◆ **ABOUT THIS TASK**:
Below are entries; copy exactly, and only, the lines from the one containing "Victoria Secret Thong" through their final line, leaving out pictures.

(Brief descriptive captions)
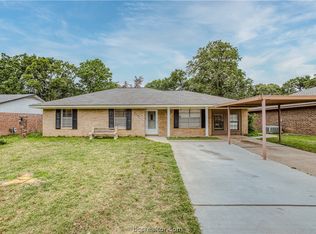 2305 Yellowstone Dr, Bryan, TX 77803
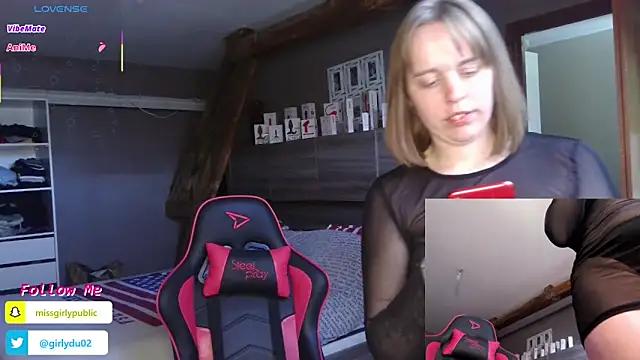 Check out our webcam shows gallery and message on a personal level with our sweet squirt cams hosts, showing off their natural physiques and sex toys.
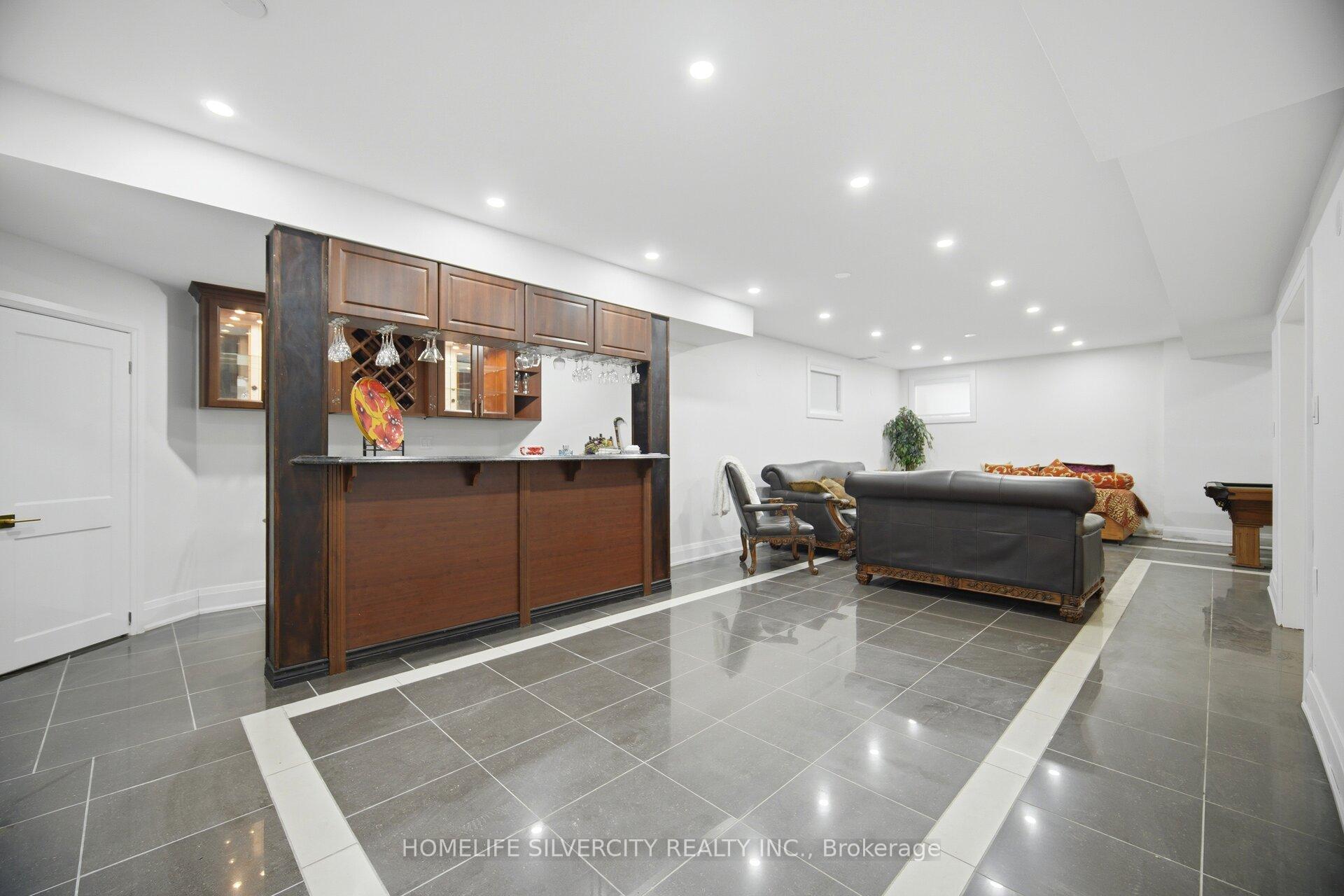 Photo 37 of 15 Estateview Circle, Brampton, Toronto Gore Rural Estate — HOMEH
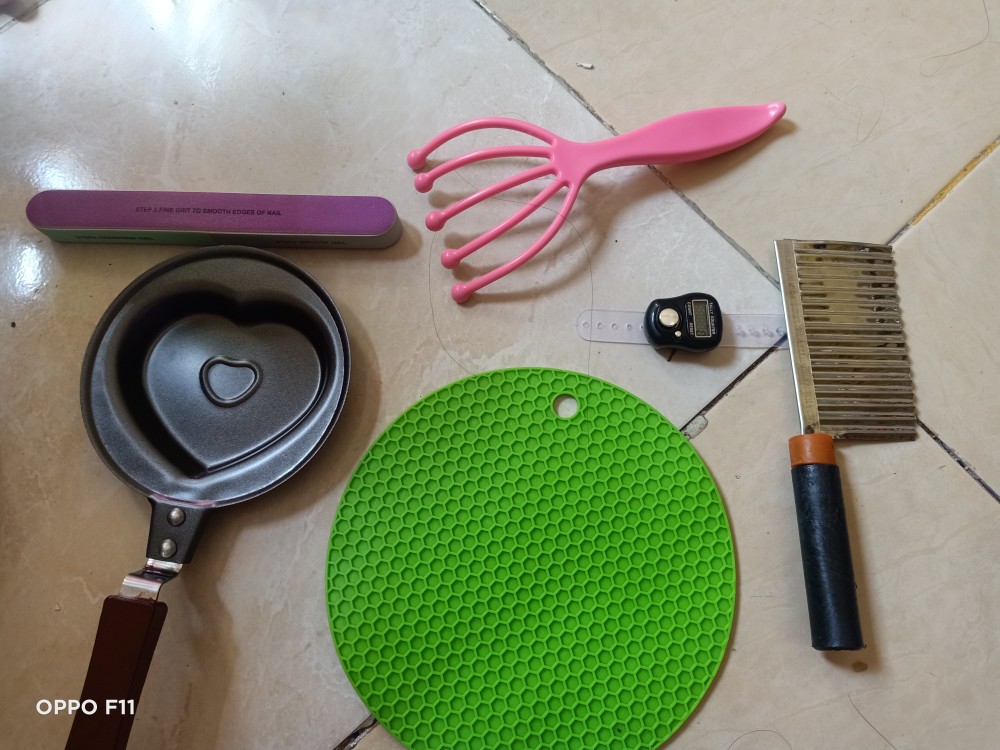 Tatakan Alas Silikon Bulat Anti Slip Tahan Panas Dapur Gelas Piring On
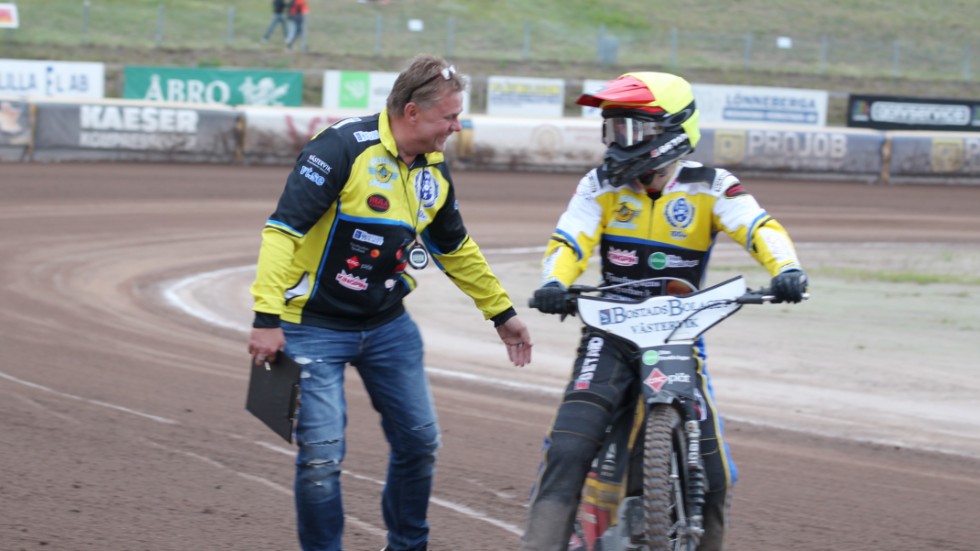 Morgan Andersson och Gleb Chugunov firar efter att Västervik säkrat segern.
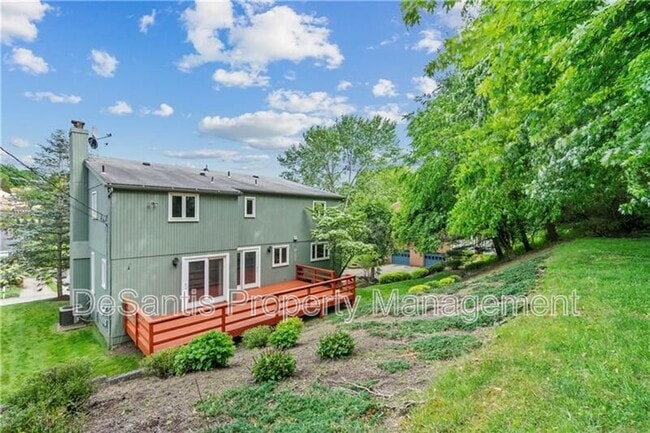 Building Photo - 471 Manordale Rd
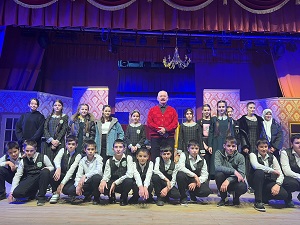 Иса Чахкиев провел экскурсию для школьников в ИГДТ им. И. Базоркина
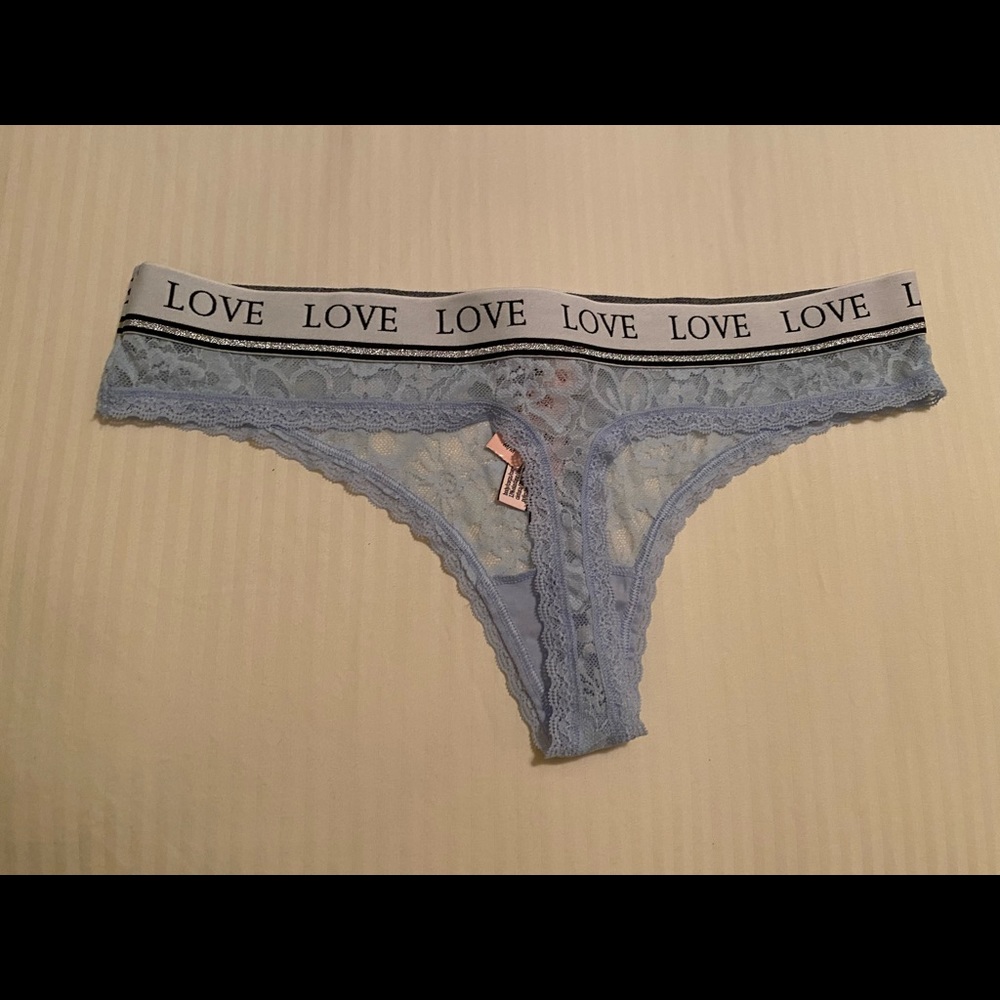 Victoria Secret Thong / String 🥰🤩🌷 - Picture 2 of 3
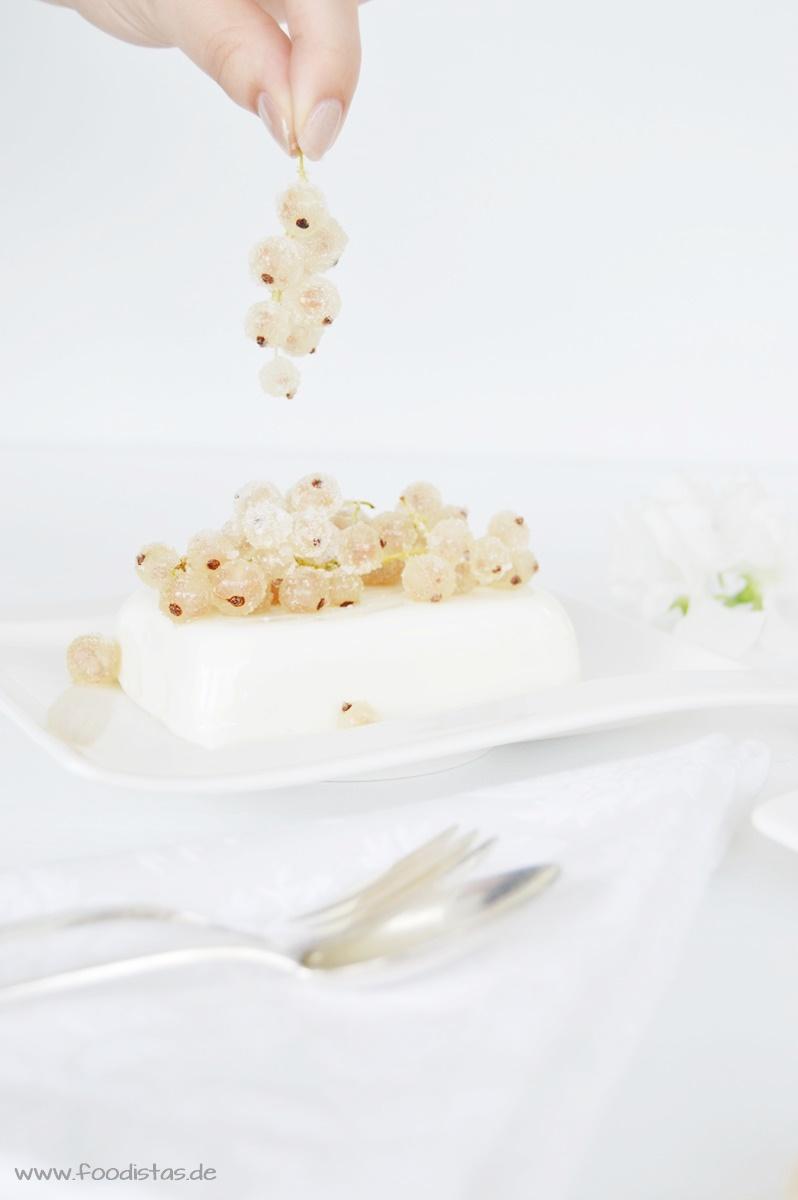 Rezeptbild: Beschwipste Joghurt-Terrine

◆ **FINISHED EXERCISE**:
 Victoria Secret Thong / String 🥰🤩🌷 - Picture 2 of 3
 Rezeptbild: Beschwipste Joghurt-Terrine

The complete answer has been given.